Killian mendebat. Dia menautkan jemarinya di belakang punggung Rietta, menggigit bibirnya, dan menempelkan dahinya ke dahi Rietta. “Aku ingin membuatnya lebih istimewa.”
“Saat ini kau adalah pria paling istimewa di seluruh dunia,” Rietta berbisik, mengalungkan lengannya ke leher Killian.
Killian menutupi bibir yang sudah melengkung naik. Astaganaga. Kau membuatku gila.
Rietta mendongak menatap Killian dengan mata birunya yang jernih. Killian berjuang mati-matian untuk menyusun kata-katanya.
Ahem. Dia berdehem dan berkata, “Rietta Tristi.” Killian meragu ketika meneruskan, “Bersediakah kau….” Dia menjeda bukan untuk membangun ketegangan. Jantungnya berdebar kencang dan pikirannya serasa melayang, membuatnya tak bisa meneruskan.
“Bersediakah kau…,” Killian berkata lagi pada Rietta dengan raut wajah tersiksa.
Rietta mendekatkan jarak mereka. “Bersediakah aku…?” dia berbisik, menyemangati Killian untuk meneruskan.
Killian terdiam. Dia tak bisa menahan senyumannya ketika dia mengerutkan bibir dan menundukkan kepala. Bersediakah kau menikah denganku? Kalimat lengkap itu tidak berhasil keluar dari mulutnya, karena Rietta suda menarik kerah bajunya untuk berciuman.
Mulut Killian membuka, dan kehangatan mereka saling bertautan. Bibir manis nan lembut Rietta mencuri semua kemungkinan untuk menolak sentuhan.
Killian menarik Rietta mendekat, mencengkeram rambut wanita itu dengan jemarinya. Udara menghangat. Napas nan memikat, sentuhan menyengat dari wanita yang dicintainya, mata berkabut Riettta, bibir berkilauan, angin nan memukau, musim dingin – dan Rietta.

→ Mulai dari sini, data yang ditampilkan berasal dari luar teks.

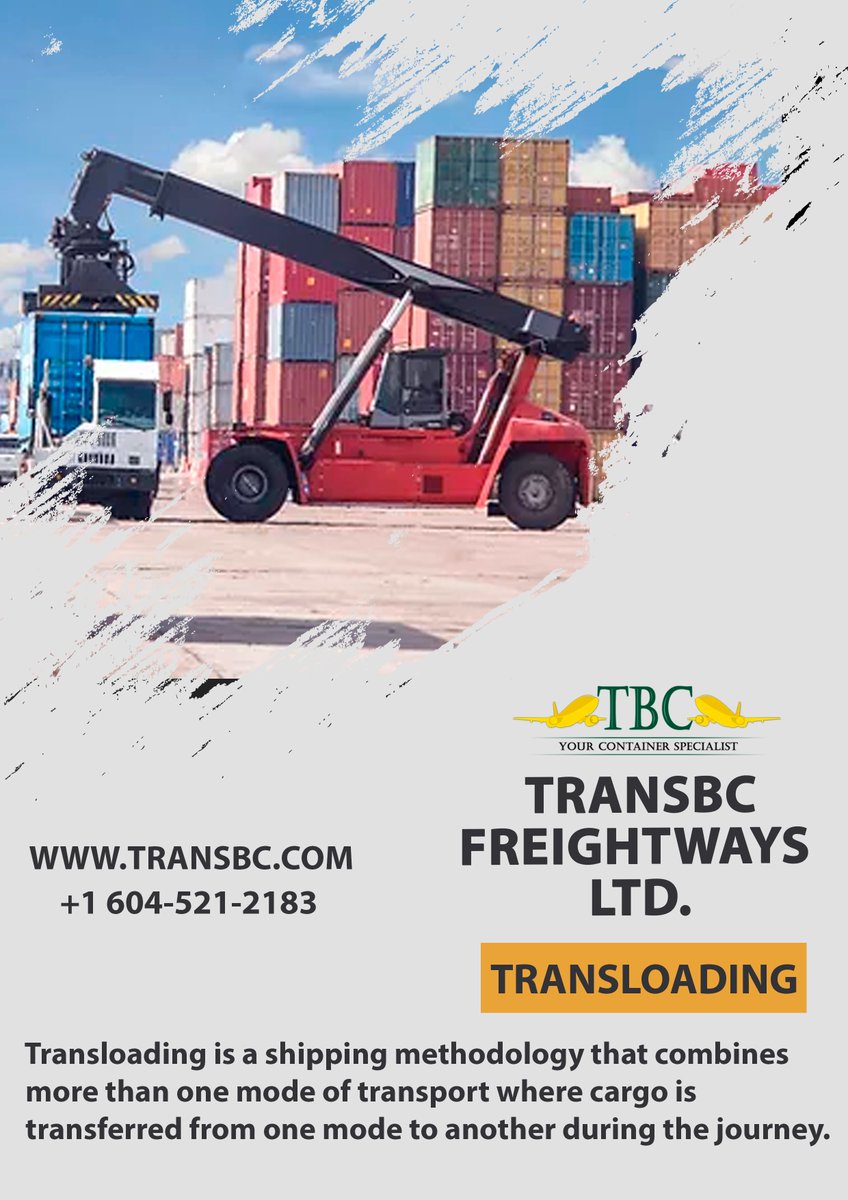 transbc2's tweet photo. Trans BC Freightways as a transloading facility, we are strategically located at the crossroads of seven major transportation networks (including CP Rail, BNSF and CN Rail). 
#transbc #tbc #transbcfreightways #canadiantires #trucks #trucking #britishcolumbia #Canada https://t.co/wjca5xS4tj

Killian menghembuskan napas tajam ketika dengan susah payah dia berhasil memisahkan bibirnya dari bibir Rietta dan membenamkannya pada tulang selangka Rietta. Aroma manis Rietta membuatnya mabuk. Kulitnya yang menyentuh Rietta terasa panas membara.
Bertahan di leher Rietta, Killian berbisik seakan hendak memohon, “Menikahkah denganku, Rietta. Aku akan membuatmu bahagia selama sisa hidupmu.”
“Ya, ya,” Rietta menjawab dengan anggukan dan mata berkaca-kaca.
Dia menangkupkan tangannya pada pipi Killian dan menarik pria itu mendekat. Bibir mereka kembali bertemu. Killian mencium Rietta di bibir, tulang hidung, kelopak mata, dan kembali ke bibirnya. Semua ini terasa lambat sekaligus tergesa.
Bintang-bintang berguguran dan membanjiri mereka. Sebuah dunia baru nan luas membuka di hadapan mereka, dengan janji untuk bersama selamanya. Satu momen lain, seperti tiap momen lainnya, melekat pada jiwa mereka – momen tak terlupakan yang akan tetap ada untuk seumur hidup mereka.